While this development is bullish for energy stocks (and agricultural commodities) in the long run, it does nothing for the energy sector over the next one or two years. The effects of the solar cycle represents only a trade setup, and not a full-blown buy signal. While political pressures are rising for solutions to climate change and global warming, the market reaction to these pressures is only beginning. As an example, CNBC reported that Microsoft aims to become carbon neutral by 2030, and eliminate its historical carbon footprint by 2050. Amazon has pledge to be “net carbon neutral” by 2040. These calls to action are reminiscent of the atmosphere during the dot-com era of the late 1990’s, when even mining companies would not dare to present to investors without a “broadband strategy”.
ESG investing is still a nascent theme. At only 2% of the market, it has much more room to expand, especially in light of Larry Fink’s call to action.
Looking over the next 12-24 months, the BAML Global Fund Manager Survey shows that while managers are underweight the sector, they have not been in such a prolonged underweight position that these stocks are hated. We have not seen the classic signs of investor capitulation and wash-out yet.
From a trader’s perspective, both US and European energy stocks remain in relative downtrends, punctuated by a brief spike owing to Iranian tensions. Until the relative downtrend shows some signs that it is ending, an underweight position remains tactically warranted.
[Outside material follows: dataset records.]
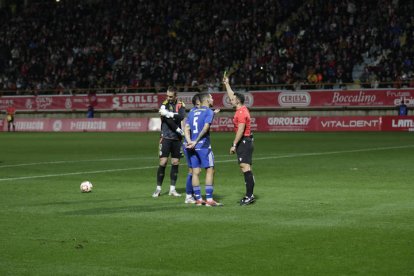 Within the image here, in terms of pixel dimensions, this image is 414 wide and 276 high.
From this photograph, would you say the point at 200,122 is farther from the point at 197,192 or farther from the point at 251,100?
the point at 251,100

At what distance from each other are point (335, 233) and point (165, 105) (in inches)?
242

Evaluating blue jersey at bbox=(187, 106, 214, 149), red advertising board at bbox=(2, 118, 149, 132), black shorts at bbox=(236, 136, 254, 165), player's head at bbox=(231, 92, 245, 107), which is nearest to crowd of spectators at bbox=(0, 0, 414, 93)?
red advertising board at bbox=(2, 118, 149, 132)

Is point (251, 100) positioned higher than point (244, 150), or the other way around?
point (244, 150)

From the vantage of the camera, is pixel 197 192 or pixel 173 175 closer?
pixel 197 192

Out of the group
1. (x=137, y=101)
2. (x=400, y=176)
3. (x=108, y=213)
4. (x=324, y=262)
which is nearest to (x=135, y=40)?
(x=137, y=101)

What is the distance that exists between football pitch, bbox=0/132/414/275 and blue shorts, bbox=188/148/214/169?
0.84m

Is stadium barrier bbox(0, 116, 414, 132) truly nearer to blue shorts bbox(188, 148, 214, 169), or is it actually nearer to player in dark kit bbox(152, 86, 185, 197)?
player in dark kit bbox(152, 86, 185, 197)

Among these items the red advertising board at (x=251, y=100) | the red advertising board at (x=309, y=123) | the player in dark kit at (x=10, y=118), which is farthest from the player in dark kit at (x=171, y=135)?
the player in dark kit at (x=10, y=118)

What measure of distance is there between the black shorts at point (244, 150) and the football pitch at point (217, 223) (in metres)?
0.83

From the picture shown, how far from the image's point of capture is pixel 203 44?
5497cm

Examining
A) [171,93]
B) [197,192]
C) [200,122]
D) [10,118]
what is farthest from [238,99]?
[10,118]

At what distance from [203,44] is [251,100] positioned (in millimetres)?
5906

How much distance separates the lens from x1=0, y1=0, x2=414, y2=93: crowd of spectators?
4819 cm

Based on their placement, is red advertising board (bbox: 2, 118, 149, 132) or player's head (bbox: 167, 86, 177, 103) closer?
player's head (bbox: 167, 86, 177, 103)
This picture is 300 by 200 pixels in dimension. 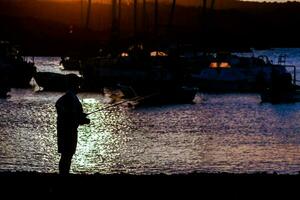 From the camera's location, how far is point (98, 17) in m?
164

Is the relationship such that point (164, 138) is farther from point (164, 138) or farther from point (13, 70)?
point (13, 70)

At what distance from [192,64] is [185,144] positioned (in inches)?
1857

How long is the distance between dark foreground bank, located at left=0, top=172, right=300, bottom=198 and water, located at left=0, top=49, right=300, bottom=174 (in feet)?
30.8

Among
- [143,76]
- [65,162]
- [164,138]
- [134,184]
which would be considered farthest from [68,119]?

I began this article with the rhetorical question of whether energy stocks represent a value opportunity, or a value trap. While the sector is acquiring a value characteristic, sentiment is not yet washed-out, and price momentum is still a headwind for these stocks. To be sure, there is a long-term bullish catalyst waiting in the wings, but the effects of this catalyst may not be evident for several years. For now, the bull call on energy is only a trade setup. I am inclined to wait for signs of a technical turn before turning significantly bullish on the sector.